Era quindi nell’aria da tempo un progetto più marcatamente “di genere” come “La Batteria”, in grado di far convergere intrattenimento e sperimentazione, avvicinandosi maggiormente al primo senza dimenticare incursioni prog, Jazz, funk, Kraut e anche folk, tutte in un corpo solo dalle caratteristiche mostruose, perché se un brano come “Chimera“, che introduce la raccolta di dodici tracce, sembra riferirsi in modo originale alle radici popolaresche locali attraverso l’omaggio ad un compositore dimenticato e geniale come Romolo Grano, la successiva “Vigilante” mette insieme il Lalo Schifrin più funk con la tensione dei Goblin, nel tentativo spiazzante e riuscito di mescolare le carte, strategia combinatoria che in un certo senso si ripete in “Scenario” e che in “Formula” lascia il posto a quel confine tra groove ed elettronica analogica (il muro di synth dei fantastici Patchani Brothers) che si affacciava in alcune colonne sonore di Franco Micalizzi verso gli anni ’80 o in quelle di Walter Rizzati, talvolta prima o poco dopo la black music disossata e algida di John Carpenter.

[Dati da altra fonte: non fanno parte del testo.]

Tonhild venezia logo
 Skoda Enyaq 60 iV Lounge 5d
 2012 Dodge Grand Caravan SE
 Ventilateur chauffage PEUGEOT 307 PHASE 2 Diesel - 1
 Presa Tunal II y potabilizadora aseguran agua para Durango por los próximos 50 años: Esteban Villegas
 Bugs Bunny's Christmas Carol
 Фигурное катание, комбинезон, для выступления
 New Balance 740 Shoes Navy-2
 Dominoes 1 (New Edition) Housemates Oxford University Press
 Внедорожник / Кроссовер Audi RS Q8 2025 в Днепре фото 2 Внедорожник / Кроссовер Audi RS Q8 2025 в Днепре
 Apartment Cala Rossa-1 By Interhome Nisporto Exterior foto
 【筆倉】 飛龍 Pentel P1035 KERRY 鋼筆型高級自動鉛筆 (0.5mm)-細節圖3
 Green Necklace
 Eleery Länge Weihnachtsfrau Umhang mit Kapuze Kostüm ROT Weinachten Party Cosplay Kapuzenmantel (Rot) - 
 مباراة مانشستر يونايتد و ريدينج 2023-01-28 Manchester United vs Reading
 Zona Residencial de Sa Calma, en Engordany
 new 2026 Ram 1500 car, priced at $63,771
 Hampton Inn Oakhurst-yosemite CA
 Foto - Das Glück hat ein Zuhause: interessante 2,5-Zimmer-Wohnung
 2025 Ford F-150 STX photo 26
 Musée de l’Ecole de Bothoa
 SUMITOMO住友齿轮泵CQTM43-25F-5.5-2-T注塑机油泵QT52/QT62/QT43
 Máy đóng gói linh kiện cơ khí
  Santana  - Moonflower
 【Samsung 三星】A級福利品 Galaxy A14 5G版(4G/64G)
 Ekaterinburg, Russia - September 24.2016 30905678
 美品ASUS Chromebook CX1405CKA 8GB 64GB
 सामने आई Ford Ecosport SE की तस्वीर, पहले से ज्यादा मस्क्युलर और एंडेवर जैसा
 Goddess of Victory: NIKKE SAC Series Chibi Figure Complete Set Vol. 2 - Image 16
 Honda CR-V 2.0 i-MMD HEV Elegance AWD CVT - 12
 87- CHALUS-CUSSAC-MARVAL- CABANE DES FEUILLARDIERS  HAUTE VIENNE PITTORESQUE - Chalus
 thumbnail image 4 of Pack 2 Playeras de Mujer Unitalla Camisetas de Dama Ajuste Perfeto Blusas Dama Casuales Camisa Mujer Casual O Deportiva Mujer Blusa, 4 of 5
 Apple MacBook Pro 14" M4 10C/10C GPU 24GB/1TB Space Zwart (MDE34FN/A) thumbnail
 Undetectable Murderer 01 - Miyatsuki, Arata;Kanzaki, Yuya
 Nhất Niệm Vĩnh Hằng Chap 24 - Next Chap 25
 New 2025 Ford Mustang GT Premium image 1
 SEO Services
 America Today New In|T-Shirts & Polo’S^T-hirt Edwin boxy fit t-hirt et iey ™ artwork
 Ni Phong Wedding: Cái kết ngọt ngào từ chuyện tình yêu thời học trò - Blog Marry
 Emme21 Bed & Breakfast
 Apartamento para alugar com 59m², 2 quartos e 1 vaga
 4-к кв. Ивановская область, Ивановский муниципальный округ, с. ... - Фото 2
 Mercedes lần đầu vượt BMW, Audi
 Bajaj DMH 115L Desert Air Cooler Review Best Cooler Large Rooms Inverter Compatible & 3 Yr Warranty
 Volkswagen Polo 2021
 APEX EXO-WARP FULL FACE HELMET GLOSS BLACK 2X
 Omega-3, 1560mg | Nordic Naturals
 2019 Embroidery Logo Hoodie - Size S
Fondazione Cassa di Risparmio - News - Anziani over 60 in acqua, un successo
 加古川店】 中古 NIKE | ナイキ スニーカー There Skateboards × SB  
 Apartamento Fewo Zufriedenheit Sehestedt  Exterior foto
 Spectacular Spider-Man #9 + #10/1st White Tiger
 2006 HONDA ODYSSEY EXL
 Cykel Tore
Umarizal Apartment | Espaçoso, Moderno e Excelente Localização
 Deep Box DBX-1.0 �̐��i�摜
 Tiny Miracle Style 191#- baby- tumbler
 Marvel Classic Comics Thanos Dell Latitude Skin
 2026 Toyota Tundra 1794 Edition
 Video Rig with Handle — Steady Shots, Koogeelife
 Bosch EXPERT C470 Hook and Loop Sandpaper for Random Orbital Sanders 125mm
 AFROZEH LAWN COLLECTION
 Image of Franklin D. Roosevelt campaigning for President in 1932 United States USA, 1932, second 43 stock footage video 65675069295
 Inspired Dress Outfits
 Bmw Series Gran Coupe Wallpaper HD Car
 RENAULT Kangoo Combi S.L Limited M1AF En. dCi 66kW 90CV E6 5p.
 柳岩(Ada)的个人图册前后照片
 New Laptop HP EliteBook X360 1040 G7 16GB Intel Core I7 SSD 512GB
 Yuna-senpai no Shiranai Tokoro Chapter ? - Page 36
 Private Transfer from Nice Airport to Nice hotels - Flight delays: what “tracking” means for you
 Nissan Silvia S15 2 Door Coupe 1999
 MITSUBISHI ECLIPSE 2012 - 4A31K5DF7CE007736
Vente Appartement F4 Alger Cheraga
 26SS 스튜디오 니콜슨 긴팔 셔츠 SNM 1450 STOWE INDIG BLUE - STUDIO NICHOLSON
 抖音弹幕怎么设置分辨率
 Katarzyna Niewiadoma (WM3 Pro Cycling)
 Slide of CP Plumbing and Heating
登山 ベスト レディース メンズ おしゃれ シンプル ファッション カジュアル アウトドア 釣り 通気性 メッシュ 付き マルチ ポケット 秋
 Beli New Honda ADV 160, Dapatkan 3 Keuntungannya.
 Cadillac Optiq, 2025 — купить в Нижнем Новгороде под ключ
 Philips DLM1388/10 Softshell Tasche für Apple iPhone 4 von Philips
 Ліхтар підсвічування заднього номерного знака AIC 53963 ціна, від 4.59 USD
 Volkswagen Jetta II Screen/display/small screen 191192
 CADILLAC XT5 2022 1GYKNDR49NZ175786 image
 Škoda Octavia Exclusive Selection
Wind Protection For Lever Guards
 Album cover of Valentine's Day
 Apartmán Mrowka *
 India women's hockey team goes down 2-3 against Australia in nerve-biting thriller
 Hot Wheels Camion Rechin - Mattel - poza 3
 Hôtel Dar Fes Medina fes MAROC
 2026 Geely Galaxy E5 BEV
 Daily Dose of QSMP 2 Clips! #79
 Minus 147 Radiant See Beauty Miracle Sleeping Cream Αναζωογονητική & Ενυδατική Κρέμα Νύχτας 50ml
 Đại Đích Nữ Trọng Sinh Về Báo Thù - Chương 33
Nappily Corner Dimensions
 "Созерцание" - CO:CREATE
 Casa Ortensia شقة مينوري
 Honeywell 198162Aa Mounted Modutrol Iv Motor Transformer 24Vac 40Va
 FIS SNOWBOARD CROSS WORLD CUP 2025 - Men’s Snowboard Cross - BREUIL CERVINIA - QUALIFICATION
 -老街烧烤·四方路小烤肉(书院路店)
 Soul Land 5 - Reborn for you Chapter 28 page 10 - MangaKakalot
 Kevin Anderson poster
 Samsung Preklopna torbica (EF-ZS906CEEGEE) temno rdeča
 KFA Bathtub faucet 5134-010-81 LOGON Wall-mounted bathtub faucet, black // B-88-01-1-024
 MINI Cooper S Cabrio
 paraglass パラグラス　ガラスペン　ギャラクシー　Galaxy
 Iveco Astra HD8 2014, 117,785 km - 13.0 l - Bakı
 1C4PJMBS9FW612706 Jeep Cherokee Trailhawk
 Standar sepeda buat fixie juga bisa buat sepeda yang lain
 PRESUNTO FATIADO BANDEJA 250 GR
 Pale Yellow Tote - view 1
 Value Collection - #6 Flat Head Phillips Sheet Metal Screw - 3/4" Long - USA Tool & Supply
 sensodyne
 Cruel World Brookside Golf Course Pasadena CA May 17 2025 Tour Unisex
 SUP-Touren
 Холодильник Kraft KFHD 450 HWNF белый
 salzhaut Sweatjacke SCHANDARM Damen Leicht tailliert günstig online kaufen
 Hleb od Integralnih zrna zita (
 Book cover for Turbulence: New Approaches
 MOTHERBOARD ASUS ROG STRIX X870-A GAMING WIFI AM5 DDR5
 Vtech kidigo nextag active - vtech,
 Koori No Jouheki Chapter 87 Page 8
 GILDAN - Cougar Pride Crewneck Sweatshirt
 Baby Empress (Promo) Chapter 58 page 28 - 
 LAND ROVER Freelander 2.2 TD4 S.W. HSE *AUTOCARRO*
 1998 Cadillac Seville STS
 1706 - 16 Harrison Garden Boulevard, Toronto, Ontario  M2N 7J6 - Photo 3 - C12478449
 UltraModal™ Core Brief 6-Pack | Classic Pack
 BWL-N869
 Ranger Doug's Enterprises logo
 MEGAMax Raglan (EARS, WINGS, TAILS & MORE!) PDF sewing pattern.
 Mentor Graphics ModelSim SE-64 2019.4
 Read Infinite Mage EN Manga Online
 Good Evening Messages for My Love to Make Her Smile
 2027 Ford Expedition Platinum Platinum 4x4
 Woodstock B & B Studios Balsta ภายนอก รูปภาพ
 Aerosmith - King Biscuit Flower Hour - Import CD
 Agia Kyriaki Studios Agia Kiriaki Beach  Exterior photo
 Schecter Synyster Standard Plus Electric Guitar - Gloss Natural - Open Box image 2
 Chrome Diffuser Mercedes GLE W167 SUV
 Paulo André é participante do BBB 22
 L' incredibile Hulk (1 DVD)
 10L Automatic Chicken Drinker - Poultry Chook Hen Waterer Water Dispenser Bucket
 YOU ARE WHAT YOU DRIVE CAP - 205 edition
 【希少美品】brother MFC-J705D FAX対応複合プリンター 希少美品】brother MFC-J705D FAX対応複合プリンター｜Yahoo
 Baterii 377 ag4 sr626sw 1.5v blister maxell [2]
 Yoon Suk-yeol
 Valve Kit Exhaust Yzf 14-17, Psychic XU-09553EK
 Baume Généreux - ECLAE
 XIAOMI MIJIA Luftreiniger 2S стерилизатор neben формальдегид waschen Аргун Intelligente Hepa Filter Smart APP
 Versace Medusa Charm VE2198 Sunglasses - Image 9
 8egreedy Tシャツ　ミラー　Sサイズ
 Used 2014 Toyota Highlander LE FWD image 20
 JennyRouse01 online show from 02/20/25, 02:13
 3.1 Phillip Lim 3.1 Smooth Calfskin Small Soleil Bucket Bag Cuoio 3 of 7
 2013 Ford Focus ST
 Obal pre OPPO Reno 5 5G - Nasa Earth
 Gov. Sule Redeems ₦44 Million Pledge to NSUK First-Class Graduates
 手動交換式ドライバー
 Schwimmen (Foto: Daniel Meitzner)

Se quindi una buona parte dell’album cerca di assestare il pugno e la forza d’urto di un immaginario “criminale” tra Italia e Stati Uniti, quello di Micalizzi ma anche di Mack Browne & The Brothers, si rimane improvvisamente sorpresi dalla capacità del quartetto di trasformare l’ordito in qualcosa di diverso; un brano come “incognito” sembra scritto per la blaxploitation di Gordon Parks, ma improvvisamente, aprendosi alla fisarmonica di Feliciano Zacchia, comincia a descrivere altre latitudini, così come accade con la voce di Ghita Casadei in “Zero” e nella splendida “Manifesto“, innesti Morriconiani in un contesto apocrifo più che strettamente filologico e per questo fortemente evocativi; tra l’altro, la voce della Casadei non cerca di seguire a tutti i costi la lezione di Edda Dell’Orso, imboccando una strada più contaminata, sarà una nostra allucinazione auditiva, ma a un certo punto ci è sembrato che seguisse tracce mediorientali, sulla linea sincretica di Yasmine Hamdan.
“La Batteria” è un “esordio” potente e ricco di idee, lontanissimo dalle trappole dell’imitazione citazionista, costruisce l’ipotesi di una musica di genere, smarginando confini e riferimenti, mescolando il deserto western con le città a mano armata, astor piazzolla con il funk più urbano, il groove con il post rock ante litteram firmato The feed-back; in fondo il miglior meltin’pot per il Jazz più vivo e divertente tra quelli disponibili.